At least 57 victims’ impact statements are expected at the hearing, which will run through Friday in Charlotte, Mich., 25 miles southwest of Lansing, according to a memo released Tuesday by the Michigan Attorney General’s Office.
Eaton County Circuit Court Judge Janice Cunningham said 265 women have reported abuse by Nassar. Many of those victims acknowledged a “sisterhood” of survivors that supported each other through testimony.
Katherine Ebert was among the first 10 to testify on Thursday.
Ebert was 15 in 2013 when she first visited Nassar, then considered an acclaimed sports physician, at Michigan State University for an injured knee. She asked him about Jordyn Wieber, a member of USA Gymnastics’ “Firece Five” at the 2012 Olympic Games in London. Nassar had treated Wieber, and he had signed photos in his office of Olympians all over the walls.
While stretching Ebert’s quadriceps, Nassar slipped his finger beneath her leotard and touched her genitals, she said. Other victims recounted Nassar digitally penetrating them.
Her gut felt “nauseous,” Ebert said at the hearing. “My brain kept saying the same thing: He is a doctor.”
“There are black holes in my memory that come back as nightmares and flashbacks,” Ebert said of that first appointment.

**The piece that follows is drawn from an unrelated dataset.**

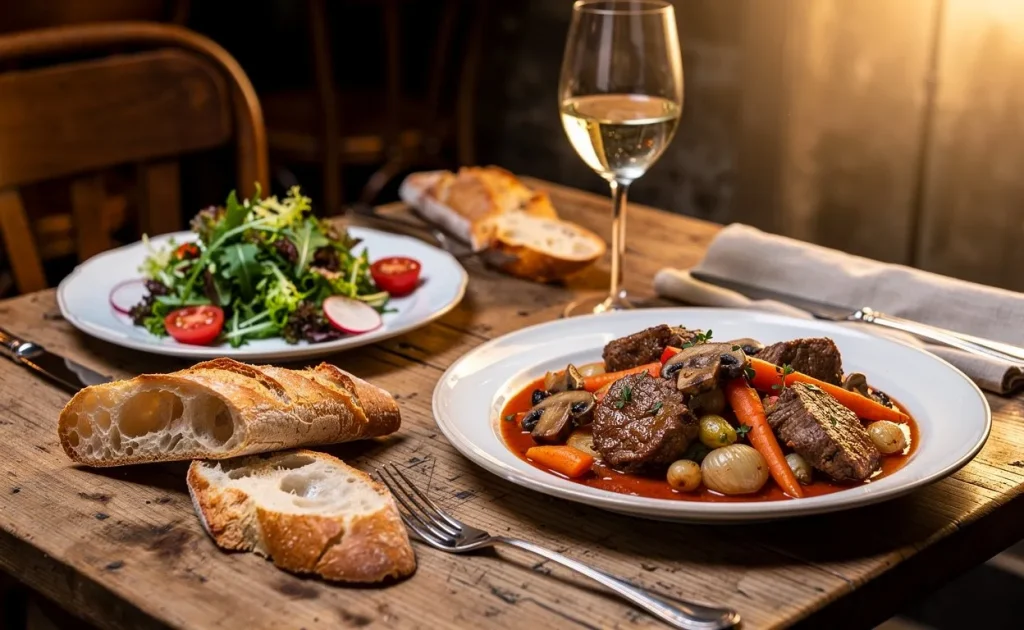 Table française dressée avec salade verte, tranches de baguette et plat de veau Marengo dans une lumière du soir chaleureuse.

Ebert, a student at MSU, called the university’s administration “uneducated sociopaths who have no remorse,” in her testimony. “Talk is cheap, but my tuition isn’t,” she added.
After Nassar’s sentencing hearing last week, Lou Anna Simon resigned as Michigan State’s long-serving president. The university’s athletic director followed. Nassar’s abuse has sparked congressional investigations and the resignation of all 21 members of the USA Gymnastics board of directors.
Speaking publicly for the first time, a teenage girl also addressed Nassar, who sat with his attorney in an orange prison suit. He occasionally dabbed at his eyes and wrote notes to his defense team.
“I know I am just a voice, but now I am part of an army of survivors,” the 15-year-old said.
“Looking back at gymnastics, I have no good memories. It is all clouded by memories of you,” wrote victim Madison Bonofiglio, whose testimony was read by prosecutors.